Partiti e politici
Lo Stato siete voi
Il 2 giugno, Festa della Repubblica, il neo ministro Di Maio ha parlato a Roma davanti a una platea di militanti convocati qualche giorno prima in protesta contro il Capo dello Stato, accusato addirittura di “alto tradimento”; rientrata la sparata dell’ impeachment, la manifestazione polemica si è trasformata nel festeggiamento per l’ascesa del Movimento alla guida del Paese.
Di Maio ha presentato al suo pubblico l’imprenditore Sergio Bramini, appena chiamato a fare da consulente al ministero dello Sviluppo Economico e ha raccontato la sua storia con queste parole: “Sergio vantava un credito con lo Stato e lo Stato non lo ha pagato… questo ha causato il fallimento dell’azienda di Sergio… inoltre qualche giorno fa lo Stato gli ha pignorato anche la casa“. Di fronte all’inevitabile salva di fischi all’indirizzo dello “Stato”, Di Maio ha reagito interrompendoli con un: “fermi, non c’è bisogno di fischiare, da oggi lo Stato siamo noi“.
L’episodio dice tutto della strategia con la quale il Movimento Cinque Stelle intende governare: continuando ad aizzare le folle contro lo Stato inefficiente, corrotto e sprecone e continuando a promettere la soluzione immediata di tutti i problemi – salvo poi scaricare la colpa del tradimento delle promesse su un capro espiatorio a piacimento (il ministro dell’Economia, la burocrazia italiana, la tecnocrazia europea). Peccato che qualcun altro abbia appena sperimentato la stessa linea, con risultati assai deludenti: ma, si sa, il furbo del giorno dopo si ritiene sempre più furbo di quello del giorno prima…
La frase di di Maio rivela però anche una concezione del tutto distorta del proprio ruolo. Se il Movimento Cinque Stelle è diventato “lo Stato” solo oggi significa che prima, da forza di opposizione, non lo era; e non lo era neppure da partito chiamato ad assumere l’incarico di governo col suo professor Conte – ecco perché si è potuto permettere, proprio da quella posizione, di accusare a vanvera il Quirinale di alto tradimento. Questa assimilazione della funzione di rappresentanza dello Stato con quella di governo è lontana dalla cultura democratica di una Repubblica parlamentare e lascia immaginare il rispetto per il ruolo delle opposizioni che questo esecutivo saprà dimostrare.

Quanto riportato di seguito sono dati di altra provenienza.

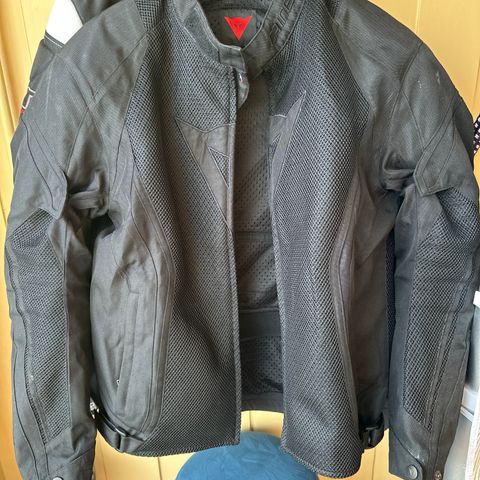 dainese sommerjakke str 52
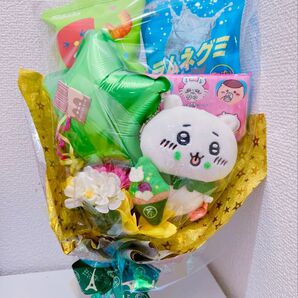 お菓子ブーケ バルーンブーケ ちいかわ マスコット 金色 緑色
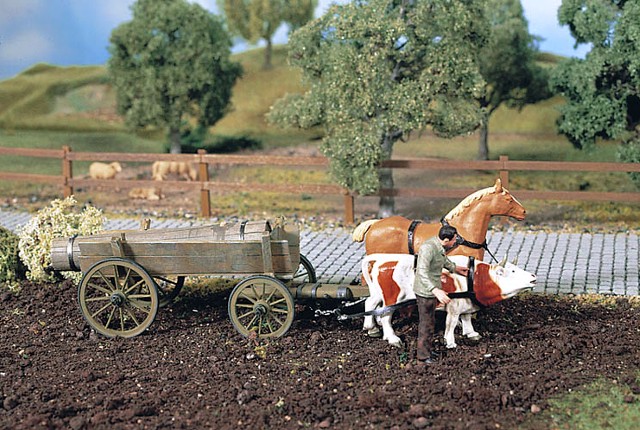 Pola 331859 - Liquid Manure Wagon With Cow And Horse Yoke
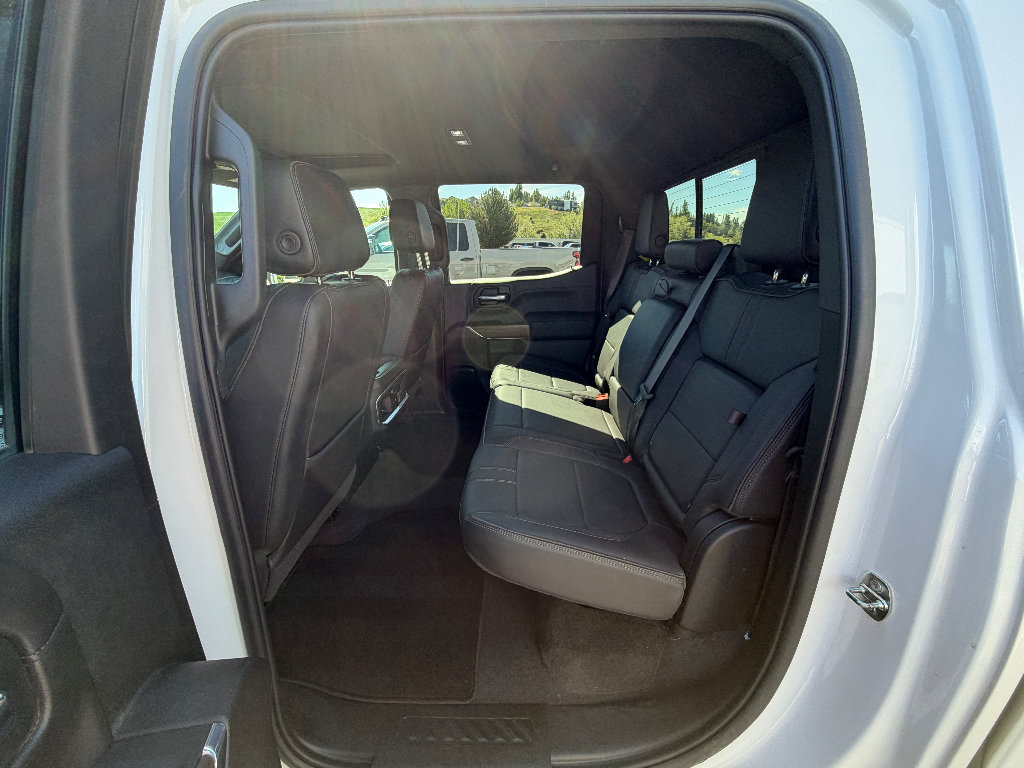 Used 2022 Chevrolet Silverado 1500 High Country w/ Safety Package II AWD/4WD image 3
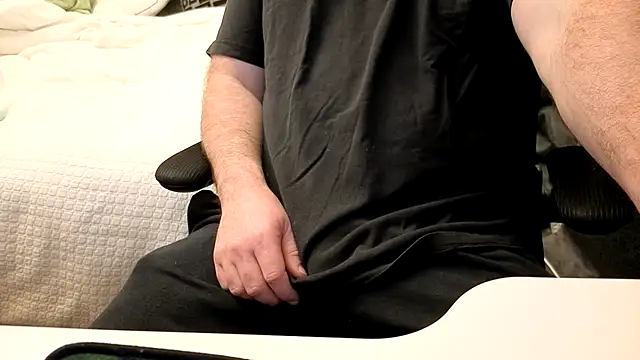 Snapshot of john_clarisa chatting on October 27, 2025, 8:48 am john clarisa online show from October 27, 2025, 8:48 am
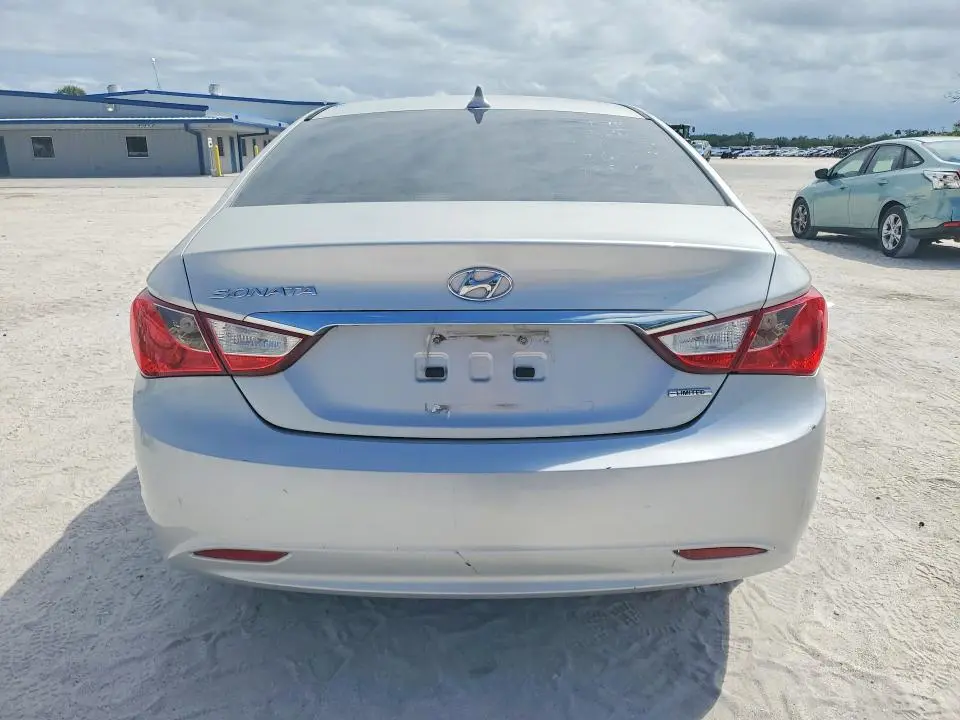 2011 HYUNDAI SONATA LIMITED  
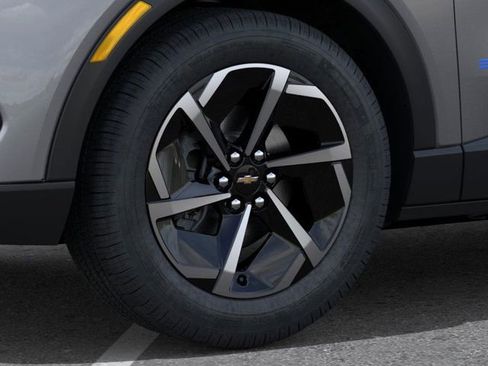 New 2026 Chevrolet Equinox EV LT image 9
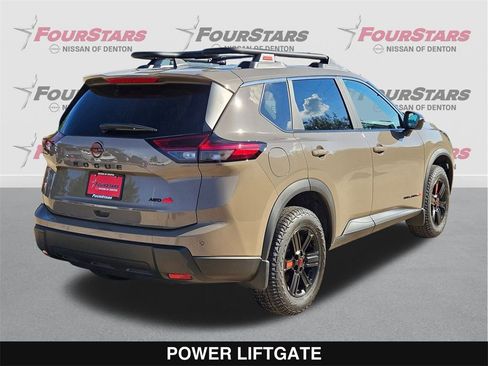 New 2026 Nissan Rogue SV image 4
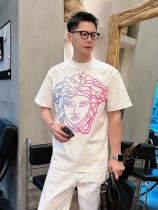 人気爆発☆ 2026 ヴェルサーチェ 新作 半袖Tシャツ 偽物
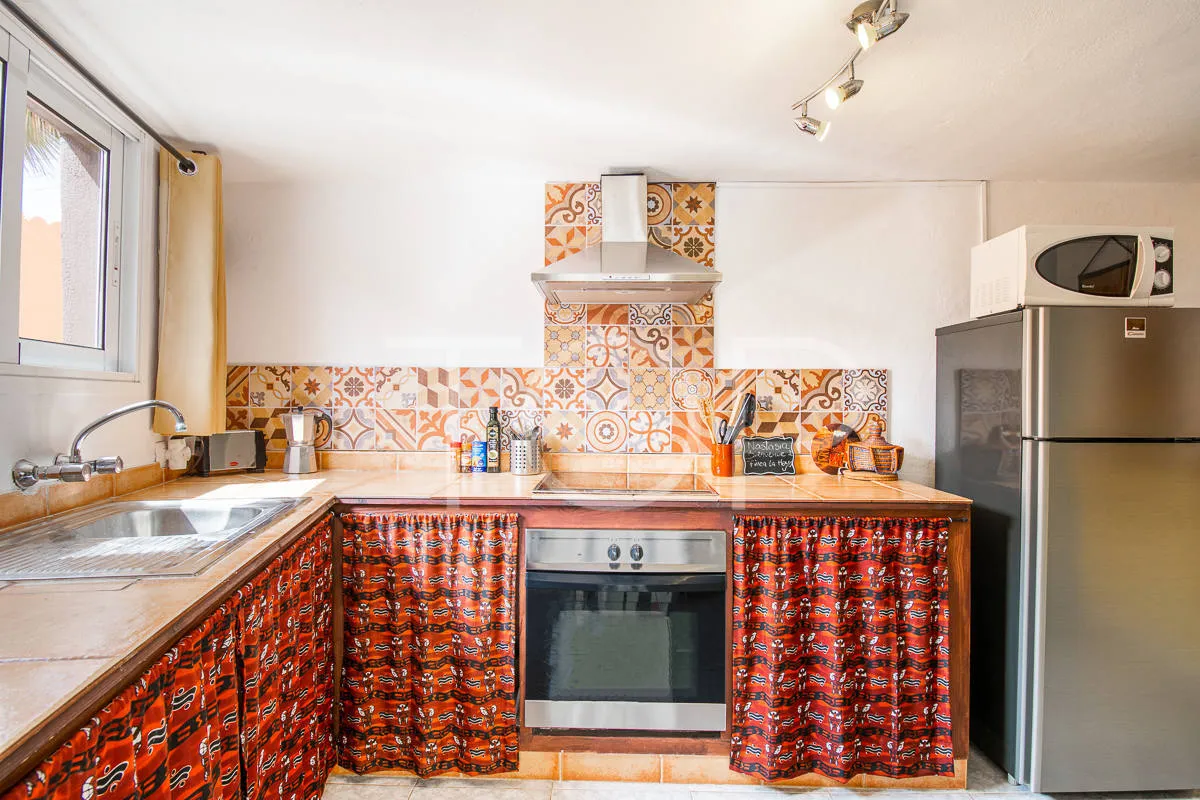 Landhaus mit mehreren Gästehäusern in Los Blanquitos , Granadilla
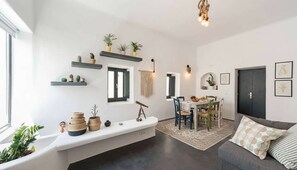 Interior - Dionysos Wine Authentic Stay 2 Bd Santorini Home (Santorini)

Forse, la goffa frase di di Maio aveva però un altro senso: “da oggi siamo noi quello Stato che deve pagare i suoi debiti agli imprenditori come Bramini”. In questo caso, le parole sono rivelatrici di doppiopesismo: si possono fischiare i torti della Pubblica Amministrazione solo fino a quando ne sono responsabili gli avversari politici; ora che tocca al Movimento, il dissenso non è più ammesso. Di qui in avanti ogni mancanza della macchina dello Stato, che prima veniva usata come una clava contro chi era al governo, andrà considerata sanata dalla presenza taumaturgica dei Cinque Stelle nella cabina di manovra. C’è da scommettere che la militanza grillina – soprattutto quella virtuale – si adeguerà immediatamente alla nuova linea: del resto è ciò che abbiamo visto accadere a Roma con la giunta Raggi, generosamente perdonata di inefficienze che scatenavano l’attacco ad alzo zero sul sindaco precedente.

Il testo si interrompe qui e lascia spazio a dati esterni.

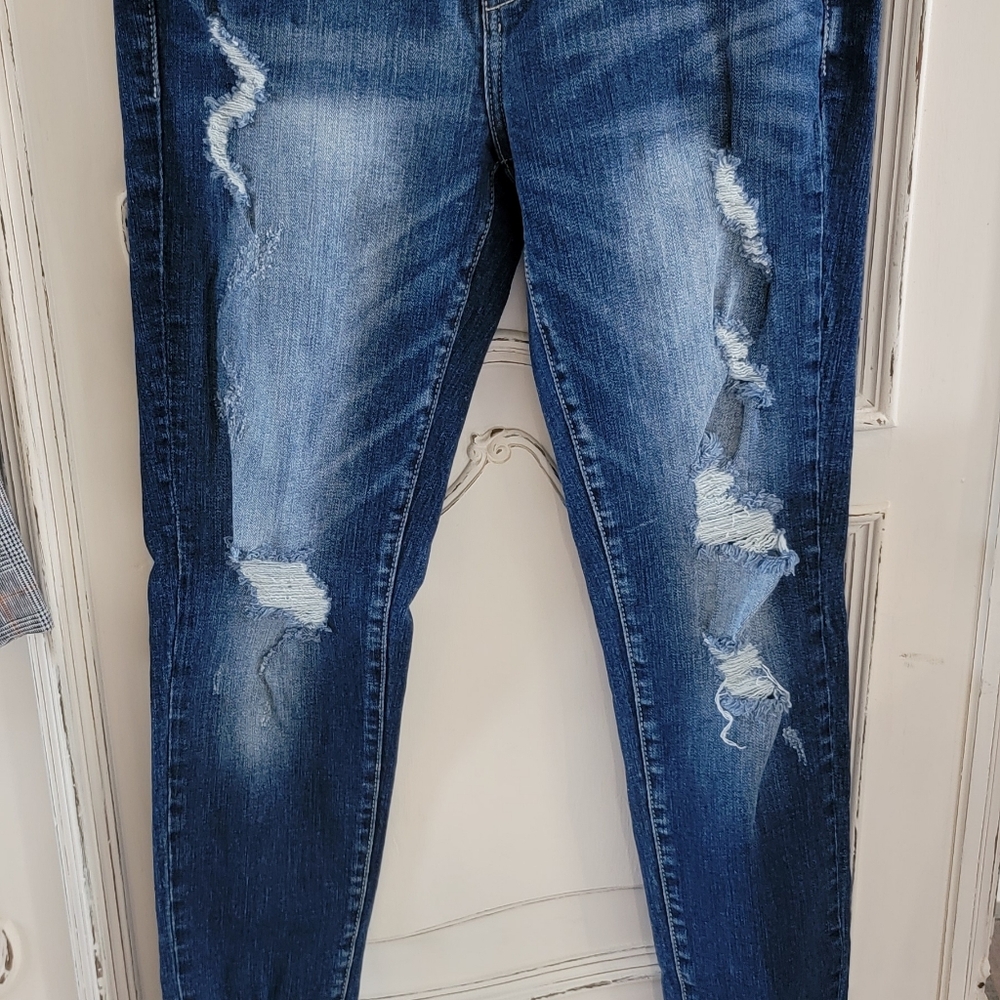 KanCan Distressed Skinny Jeans in Blue Wash
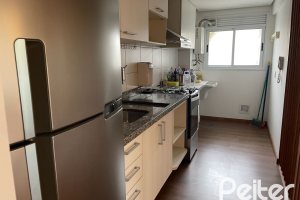 Apartamento à venda com 82m², 3 dormitórios, 1 suíte, 2 vagas, no bairro Tristeza em PORTO ALEGRE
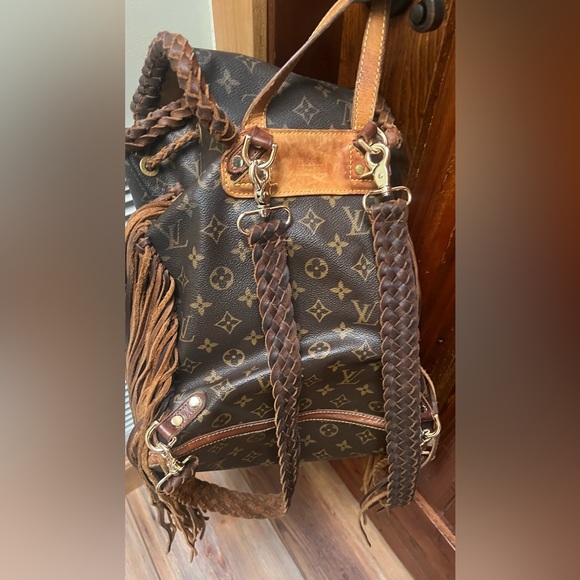 Revamped lv backpack - Picture 9 of 14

In tanta sconfortante partigianeria, c’è solo da sperare che le parole del leader di Maio abbiano acceso un barlume di consapevolezza nel Movimento e soprattutto nei suoi rappresentanti istituzionali, ai quali vorrei dire: cari Parlamentari pentastellati, che sia da oggi o da ieri, ormai lo Stato siete voi; non potete più lasciarvi andare a esternazioni improvvisate, a invettive incendiarie, a promesse dai piedi di argilla. Ogni vostra parola ha un peso, può cambiare ancor più di prima il destino degli italiani: cercate di essere all’altezza di questa enorme responsabilità.